Quand on prend des médicaments pour la schizophrénie, l’asthme, la douleur chronique ou même des troubles du sommeil, on oublie souvent que l’exercice, une activité physique régulière qui améliore la fonction corporelle et mentale peut être aussi important que la pilule. Ce n’est pas un conseil vague. Des études montrent que bouger réduit les effets secondaires des bêta-bloquants, aide à mieux contrôler la pression artérielle sans augmenter les doses, et diminue la dépendance aux opioïdes pour la douleur. L’activité physique, tout mouvement qui augmente la dépense énergétique et renforce le corps n’est pas un luxe — c’est un outil thérapeutique.

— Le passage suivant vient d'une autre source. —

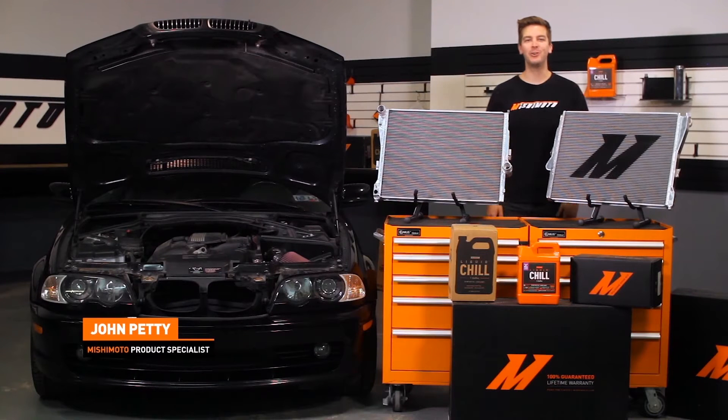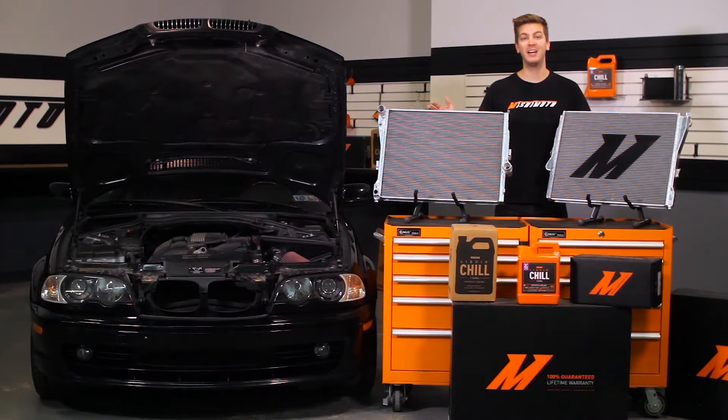Hey guys, John here at the Mishimoto Engineering Facility, and today it's my pleasure to introduce you to the Mishimoto Direct Fit 1999-2006 BMW E46 Non-M Performance Aluminum Radiators.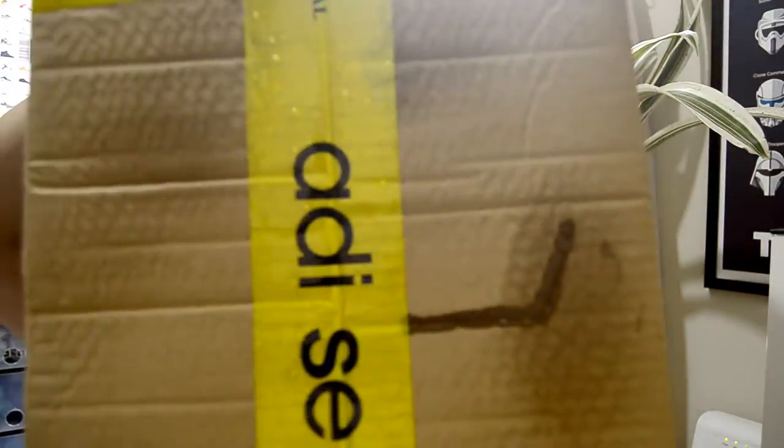What's up guys and welcome back to the channel. On this video we will be unboxing an item that I have purchased on the Adidas store. So we will be unboxing this mega box which came to me today.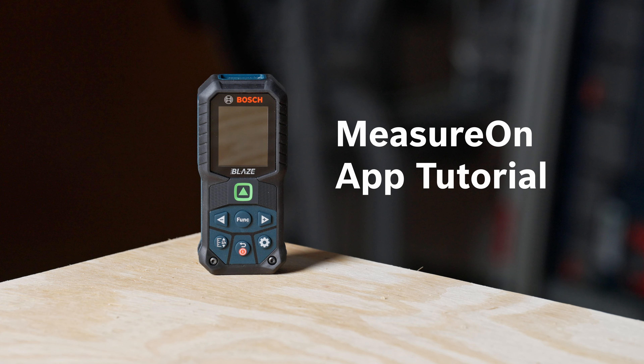Before getting started with using the MeasureOn app, you can connect your laser distance measure with your smartphone to input your measurement data and take advantage of all of its features.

Vous avez une maladie cœliaque ? L’douleur chronique, une douleur persistante qui affecte le sommeil, l’humeur et la mobilité peut s’aggraver si vous restez immobile. Mais des exercices doux comme la marche, le vélo ou le yoga améliorent la digestion, réduisent l’inflammation et boostent votre énergie — même si vous mangez sans gluten. Et si vous prenez des SSRIs ou des somnifères, l’exercice peut compenser la fatigue, l’engourdissement émotionnel ou les troubles du sommeil. Il n’y a pas besoin de courir un marathon. Même 20 minutes par jour, cinq jours par semaine, changent tout. Les personnes âgées qui prennent du valproate ou des médicaments à haut risque pour les seniors voient aussi moins de chutes quand elles font des exercices d’équilibre. Ce n’est pas une coincidence. C’est de la biologie.

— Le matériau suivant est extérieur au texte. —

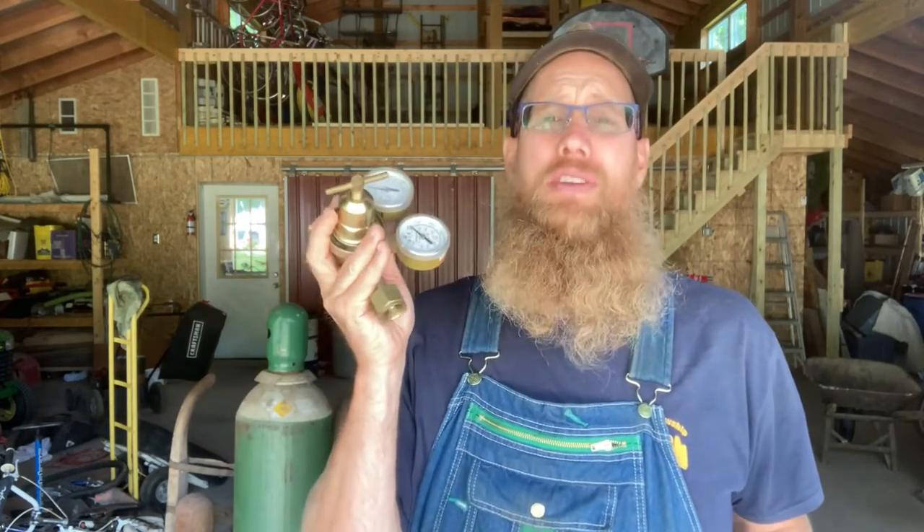Hello YouTube, my name is Joe. The goal today is to rebuild this Victor oxygen regulator. I'll show you what I have going on here. Recently I was working on a project using the torch — I don't use the torch a lot — but I was using it to cut some steel, and I went for lunch.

Beaucoup pensent que les exercices sont pour les jeunes ou les en forme. Mais ce n’est pas vrai. Ce qui compte, c’est de bouger de façon cohérente, adaptée à votre corps et à vos traitements. Un patient avec une obstruction du cérumen peut faire des exercices de respiration pour réduire l’anxiété. Celui qui prend des opioïdes et a des nausées peut essayer la marche après les repas. Et si vous voyagez avec de l’insuline ou un EpiPen, savoir comment rester actif pendant les déplacements peut éviter les déséquilibres. Ce que vous trouverez ici, ce ne sont pas des routines générales. Ce sont des conseils concrets, tirés de cas réels, qui montrent comment l’exercice s’insère dans votre traitement, pas en contradiction avec lui. Vous allez découvrir comment d’autres ont adapté leur mouvement à leurs médicaments — et comment vous pouvez faire pareil.